Your mindfulness, your alertness, your discernment get more and more refined because you begin to realize the implications of your actions that you never noticed before. And if you can’t do this with your words and deeds, there’s *no way *you’re going to be able to do it with the subtle movements of the mind. It’s in seeing cause and effect—and particularly the difference between a skillful way of speaking and an unskillful way of speaking, a skillful way of acting and an unskillful way of acting, and noticing the ramifications of your words and deeds—that you develop the sensitivity and the quickness to know the even more subtle ramifications of events in the mind.

So it’s in the very meticulous practice of the precepts and the very meticulous attention you pay to making sure the mind really does stay with the breath—really does stay with the object of your concentration—that discernment develops. It’s not that you rush through the precepts or through concentration so you can quickly get to the goal. You do need a sense of urgency, but you don’t want the urgency to make you rush in ways that you start getting sloppy. The energy of the urgency should be focused on doing things very meticulously, being very responsible about your precepts, being very responsible about your concentration.

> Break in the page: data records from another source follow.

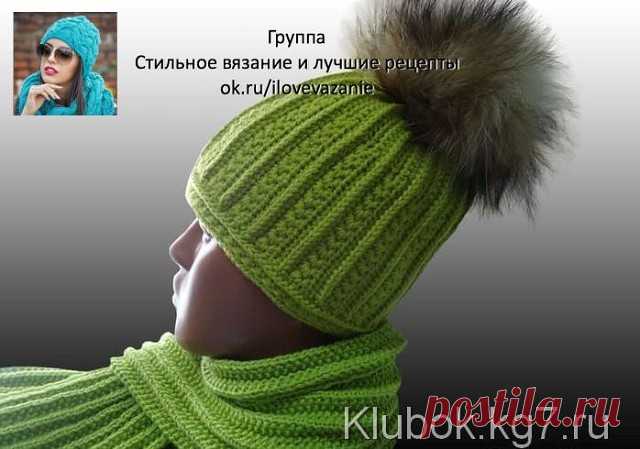 Комплект из пехорской п/ш Кроссберд бразилии 500м. в 100 гр. Шапку вязала в 2 нити крючком 3,5, шарф спицами 3,5 в одну нить, но добавляла 2 нити семёновской бабинной п/ш Лидии. Кроссберда на комплект ушло ровно 200 
Опубликовала olga polyakova71  
 Шапочка вяжется поперёк. Когда отвязали это полотно, длиной равной обхвату головы, сшили, потом по кругу вяжется макушка.
 
Пояснения по 1-й и 2-й звёздочки 3-го ряда 

Связали три в. п. для подъёма и начинаете вытягивать петли...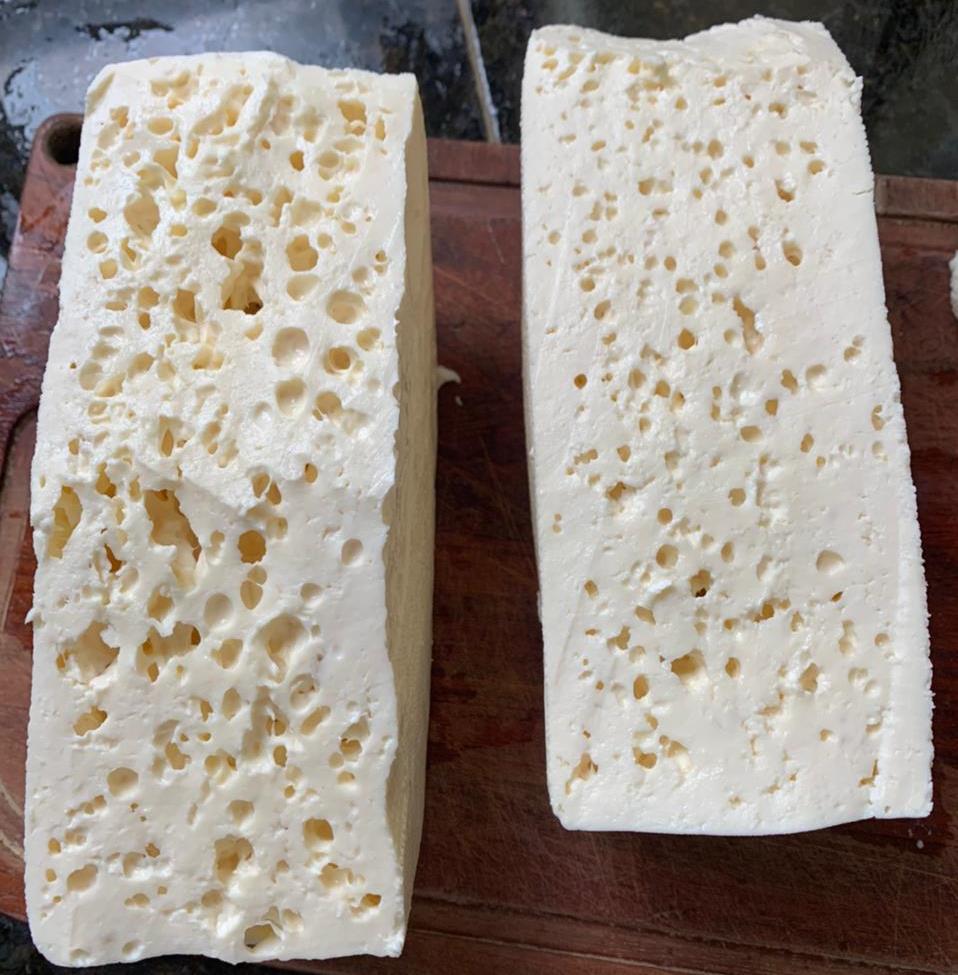 Por que o queijo fresco é perfurado?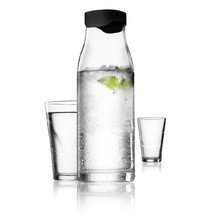 Menu A/S - Karaffe 1l, schwarz und 2 Glä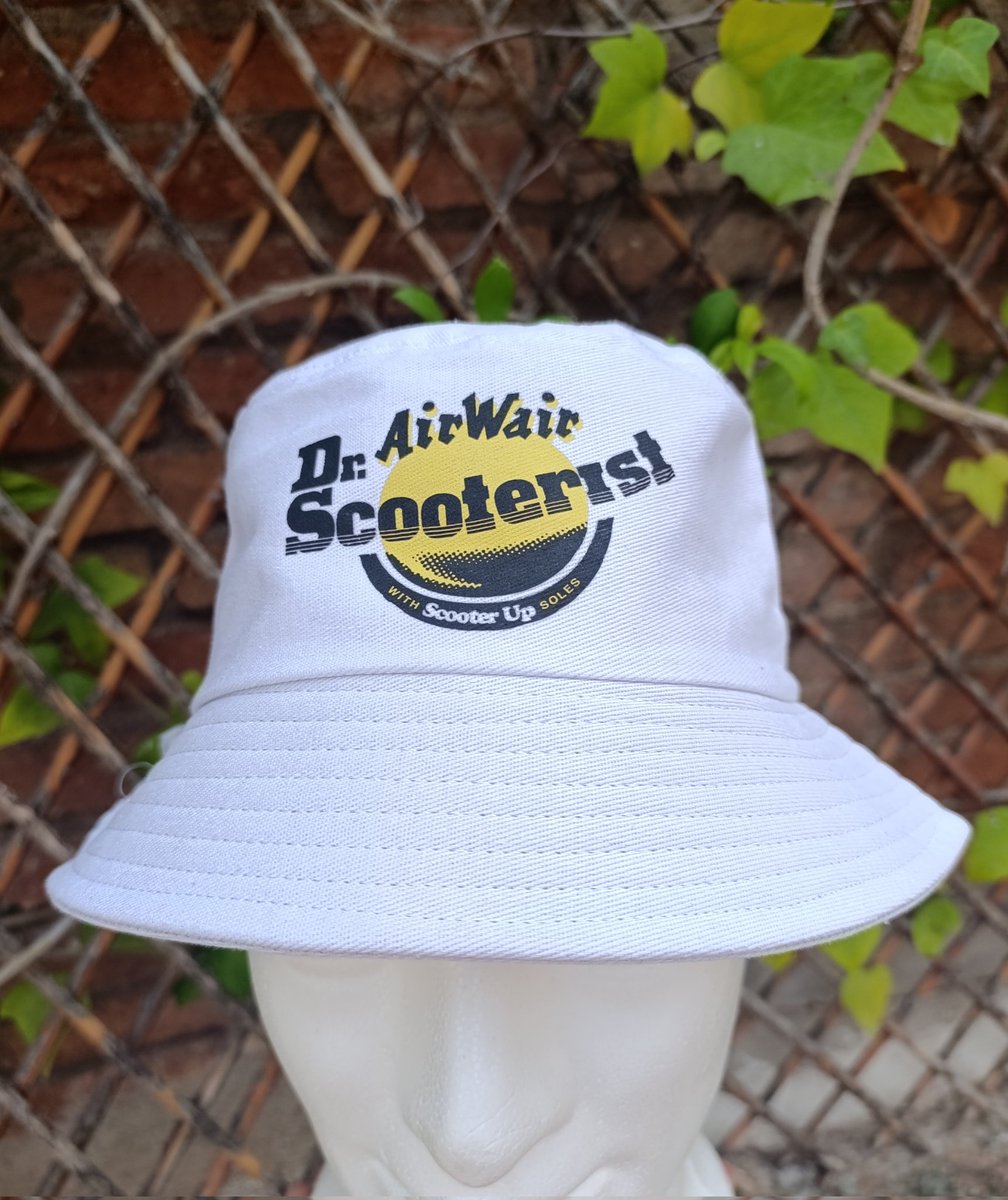 ScooterUpBCN's tweet photo. Scooterist bucket hat 
💥
https://t.co/njbZ3jTJtO
💥
💥
#scooterupclothing #vespa #vespagram #lambretta #scooterist #scooterboy #scootergirl #buckethat #drmartens #martens #skinhead #skingirl https://t.co/sh1xqHNZaI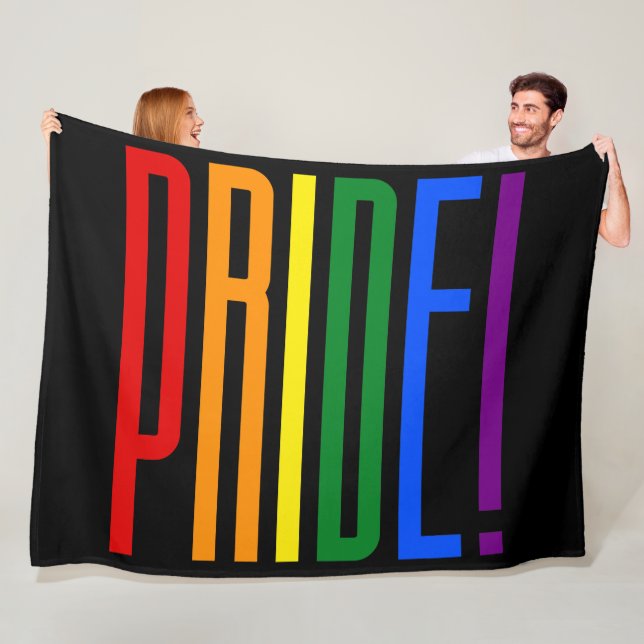 Couverture Polaire Arc-en-ciel couleurs typographie LGBT Gay pride (En situation)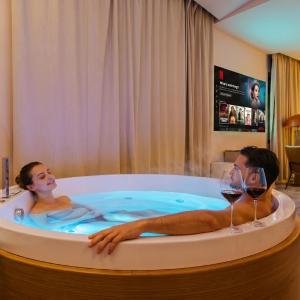 Love Room Strasbourg, Suite Ibiza, Balnéo & Sauna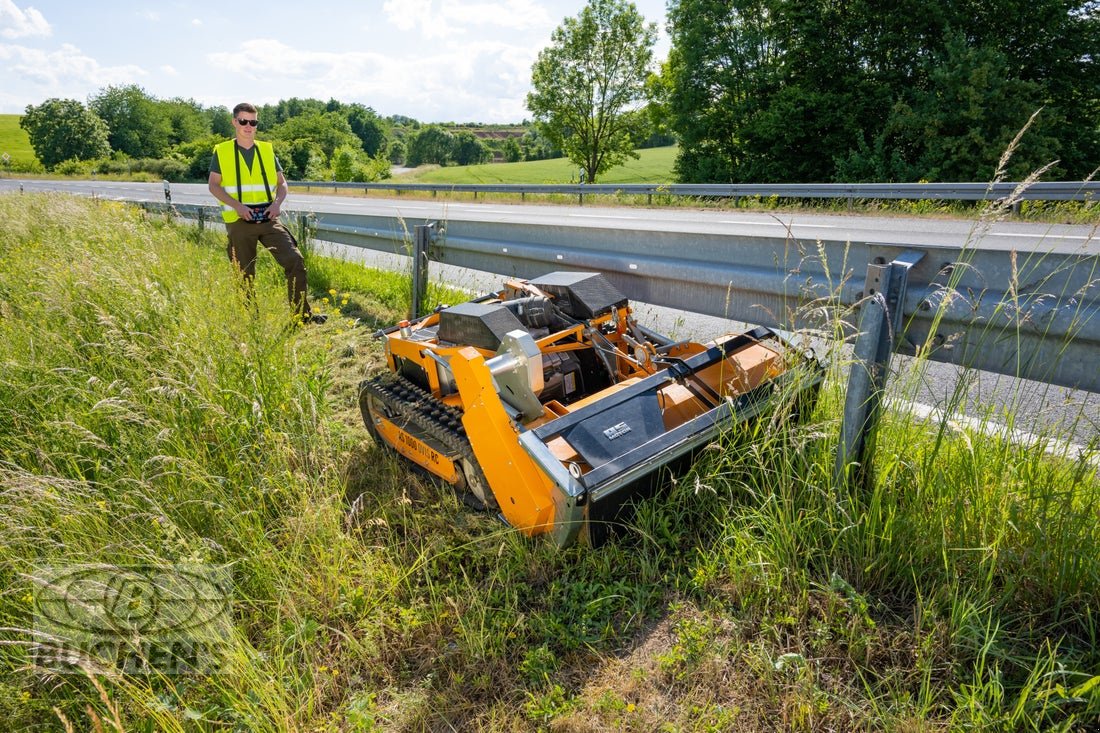 Mähraupe des Typs AS-Motor AS 1000 OVIS RC, Neumaschine in Olpe (Bild 7)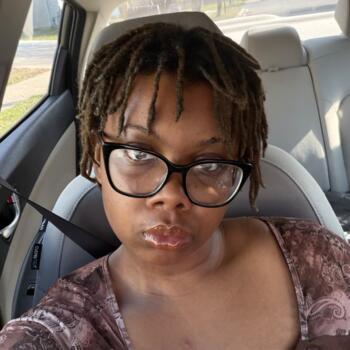 Babysitter Alexandria: Tamar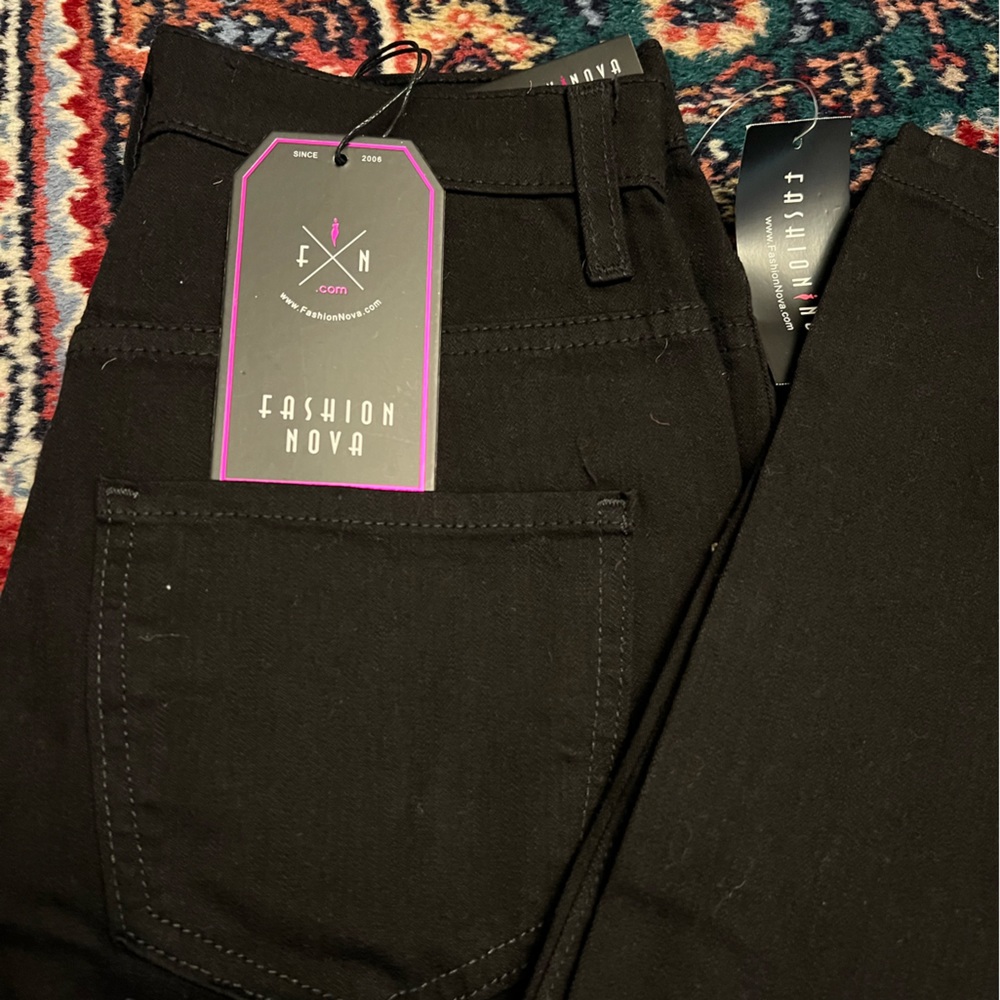Fashion Nova black distressed skinny jeans size 7 brand new with tags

Because what is it we’re studying? We’re not studying something that’s in books. We’re studying the movements of our own minds, and you see those movements most clearly as you try to clean up your precepts, as you try to make your concentration more solid.

This is the point that Ajahn Chah was aiming at when he constantly talked about how virtue, concentration, and discernment are all the same thing. It’s not that you pick up one and then drop it when you go on to the next. You just get better and better at this one thing: virtue-concentration-discernment. And that’s how *all *the aspects of the path grow together.